← Back to context

Comment by input_sh

21 hours ago

Even speaking from a pure statistical perspective, it is quite literally impossible for "AI" that outputs world's-most-average-answer to be better than "most engineers".

In fact, it's pretty easy to conclude what percentage of engineers it's better than: all it does is it consumes as much data as possible and returns the statistically most probable answer, therefore it's gonna be better than roughly 50% of engineers. Maybe you can claim that it's better than 60% of engineers because bottom-of-the-barrel engineers tend to not publish their works online for it to be used as training data, but for every one of those you have a bunch of non-engineers that don't do this for a living putting their shitty attempts at getting stuff done using code online, so I'm actually gonna correct myself immediately and say that it's about 40%.

The same goes for every other output: it's gonna make the world's most average article, the most average song in a genre and so on. You can nudge it to be slightly better than the average with great effort, but no, you absolutely cannot make it better than most.

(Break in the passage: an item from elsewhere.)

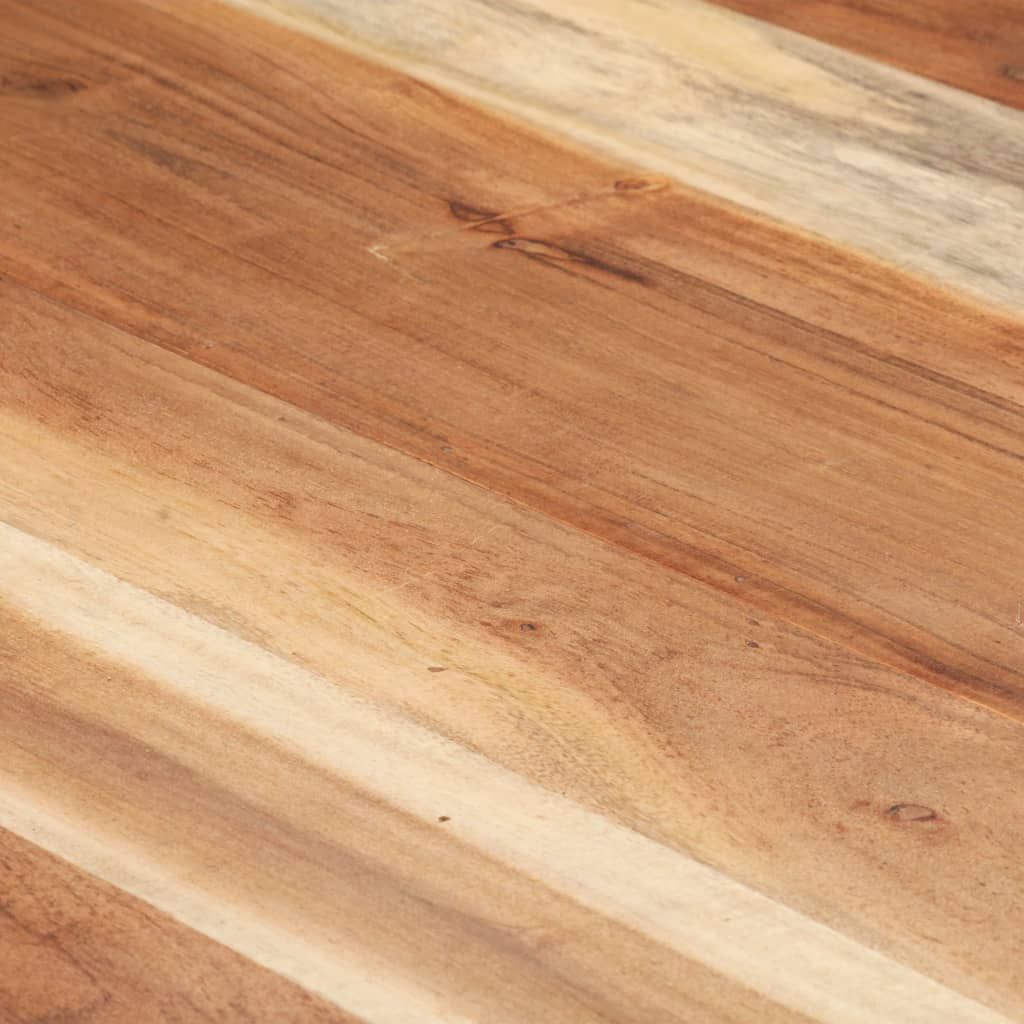 Eettafel 220x100x75 cm massief hout is nu te koop bij PeponiXL, paradijselijk wonen!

Which indicates something unknown. Code quality evaluations in training. Do you know if there is any sort of code quality evaluation for the training data? I think the argument is a little reductive without knowing the actual details of the model training input pipeline and the stages of generating the output on that same dimension, but I don't really have any concrete knowledge here either, so your baseline assumption could be right.

The thing that separates AI Agents from normal programmers is that agents don't get bored or tired.

For most engineers the ability might be there, but the motivation or willingness to write, for example, 20 different test cases checking the 3 line bug you just fixed is fixed FOR SURE usually isn't there. You add maybe 1-2 tests because they're annoying boilerplate crap to write and create the PR. CI passes, you added new tests, someone will approve it. (Yes, your specific company is of course better than this and requires rigorous testing, but the vast majority isn't. Most don't even add the two tests as long as the issue is fixed.)

An AI Agent will happily and without complaining use Red/Green TDD on the issue, create the 20 tests first, make sure they fail (as they should), fix the issue and then again check that all tests pass. And it'll do it in 30 minutes while you do something else.

This is kind of like saying a kid can never become a better programmer than the average of his teachers.

IMHO, the reasons not to use AI are social, not logical.

  • The kid can learn and become better over time, while "AI" can only be retrained using better training data.

    I'm not against using AI by any means, but I know what to use it for: for stuff where I can only do a worse than half the population because I can't be bothered to learn it properly. I don't want to toot my own horn, but I'd say I'm definitely better at my niche than 50% of the people. There are plenty of other niches where I'm not.

    • Yeah, but it's been trained on the boring, repetitive stuff, and A LOT of code that needs to be written is just boring, repetitive stuff.

      By leaving the busywork for the drones, this frees up time for the mind to solve the interesting and unsolved problems.

  • The AI doesn't know what good or bad code is. It doesn't know what surpassing someone means. It's been trained to generate text similar to its training data, and that's what it does.

    If you feed it only good code, we'd expect a better result, but currently we're feeding it average code. The cost to evaluate code quality for the huge data set is too high.

    • The training data includes plenty of examples of labelled good and bad code. And comparisons between two implementations plus trade-offs and costs and benefits. I think it absolutely does "know" good code, in the sense that it can know anything at all.

      1 reply →

> Maybe you can claim that it's better than 60% of engineers because bottom-of-the-barrel engineers tend to not publish their works online for it to be used as training data, but for every one of those you have a bunch of non-engineers that don't do this for a living putting their shitty attempts at getting stuff done using code online, so I'm actually gonna correct myself immediately and say that it's about 40%.

And there are a bunch of engineers from certain cultures who don't know what they don't know, but believe that a massive portfolio of slop is better than one or two well-developed projects.

I can only hope that the people training the good coding models know to tell AI that these are antipatterns, not patterns.

>> Even speaking from a pure statistical perspective, it is quite literally impossible for "AI" that outputs world's-most-average-answer to be better than "most engineers". In fact, it's pretty easy to conclude what percentage of engineers it's better than: all it does is it consumes as much data as possible and returns the statistically most probable answer

Yeah, you come across as someone who thinks that the AI simply spits out the average of the code in its training data. I don't think that understanding is accurate, to say the least.